It is crucial for us to integrate traditional knowledge with modern scientific advancements, research, and development in order to find innovative solutions that will help us adapt to the challenges posed by climate change.
Professor Biman emphasised, “As representatives of our people in global climate change negotiations, we must ensure that their stories, interests, and voices resonate through us. That is why gatherings like this are vital in reminding us of our role in the larger picture. Ultimately, climate change negotiations, despite their technical jargon, are about people—our people.”
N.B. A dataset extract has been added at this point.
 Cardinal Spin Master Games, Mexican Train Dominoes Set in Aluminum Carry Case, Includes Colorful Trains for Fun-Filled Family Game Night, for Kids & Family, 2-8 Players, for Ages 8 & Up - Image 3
He stated, “Your climate assessments are fundamental building blocks for Fiji and the Pacific’s international diplomacy. Fiji urges the industrial world to make substantial contributions to the new loss and damage facility before the upcoming climate talks in the UAE later this year. The time for mere talk is long gone.”
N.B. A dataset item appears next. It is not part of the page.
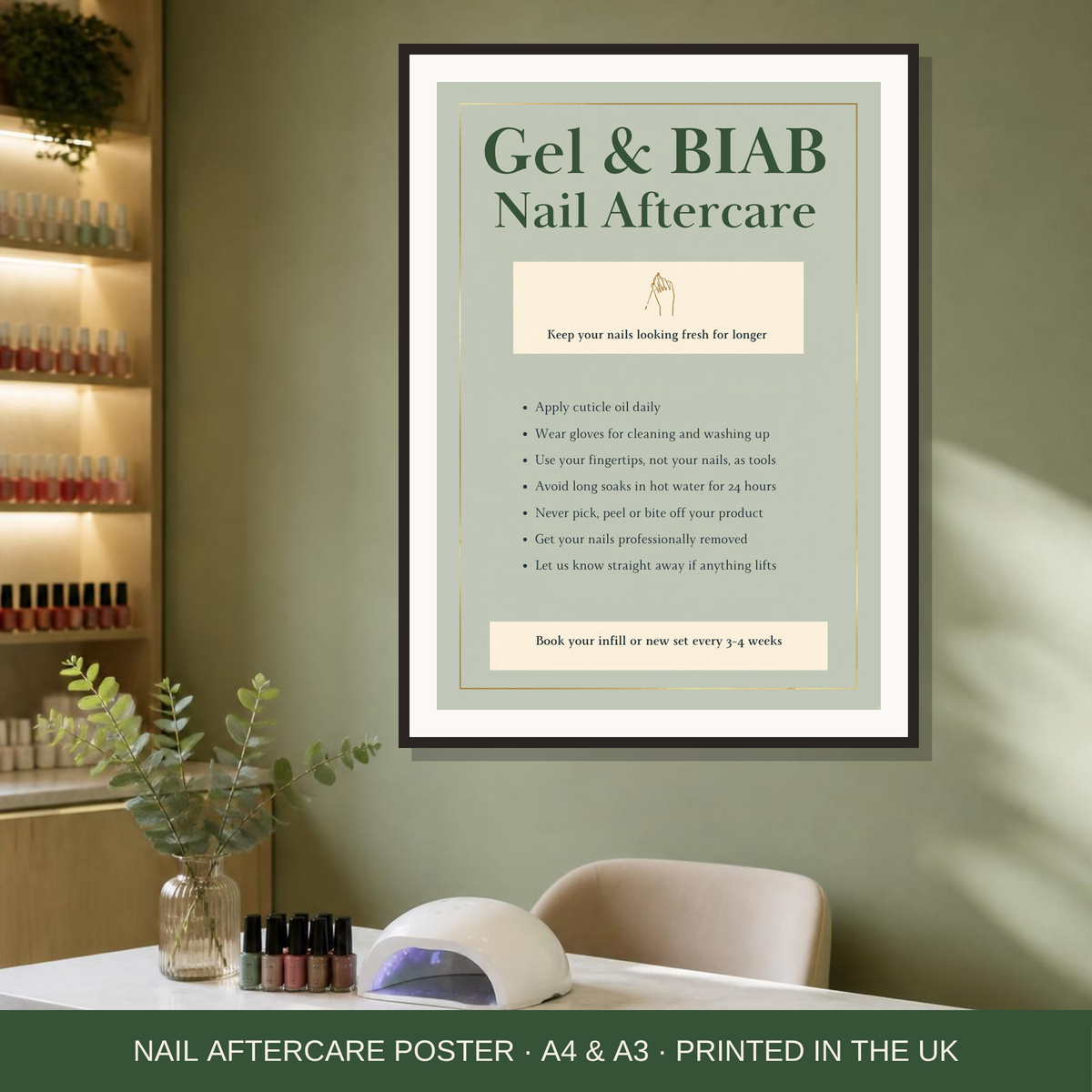 Gel and BIAB nail aftercare poster framed in a nail salon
The POCCA project aims to unite Pacific Indigenous knowledge systems with western scientific approaches in a harmonious way. Pacific Indigenous knowledge of climate change is built upon centuries of knowledge, daily experiences, and observations. It involves adapting to change, responding innovatively to disasters, developing resilient mechanisms, protecting the environment, and recognizing the interconnectedness between the ocean, sky, land, and people. By taking an interdisciplinary approach, the project integrates data that is often missing from Pacific regional stances on climate change. The information gathered from this assessment will enhance policy development for Pacific governments and contribute to global negotiations by highlighting the unique perspectives and experiences of the Pacific region.
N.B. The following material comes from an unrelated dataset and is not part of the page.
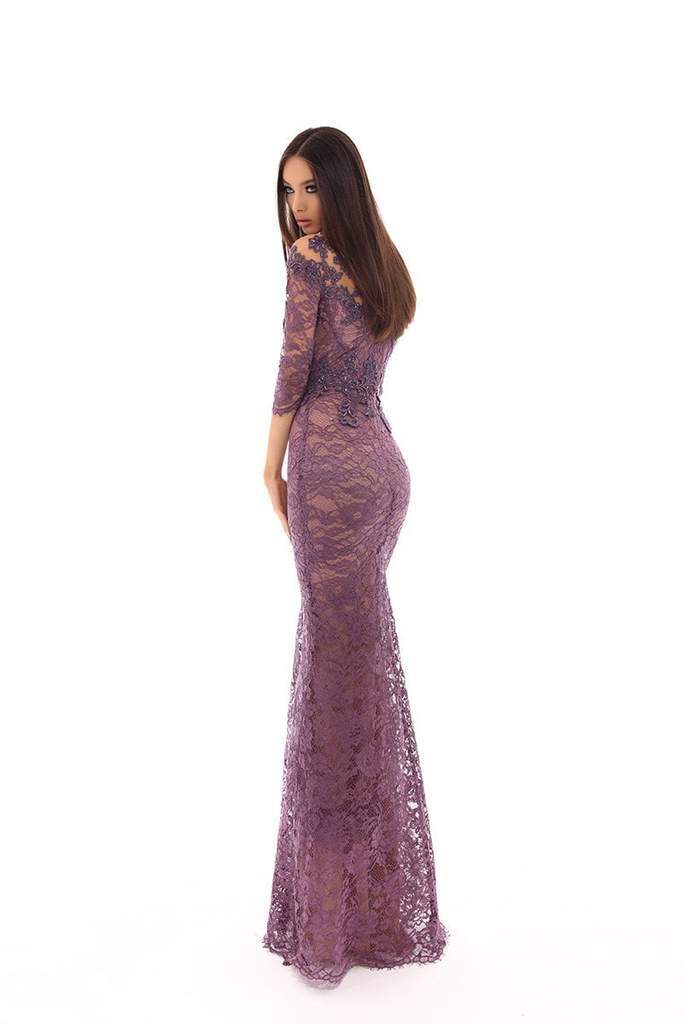 Tarik Ediz - Embroidered Illusion Neck Dress With Overskirt 93633 - 1 pc Lavender In Size 8 Available CCSALE 8 / Lavender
The three-day author’s conference, which will conclude on June 18, will bring together 80 authors and contributors from across the Pacific.
The three-year project is funded by New Zealand’s Ministry of Foreign Affairs (MFAT) and is a collaboration between the Pacific Center for Environment and Sustainable Development (PaCE-SD), the University of the South Pacific (USP), and the Macmillan Brown Centre for Pacific Studies at the University of Canterbury (UC).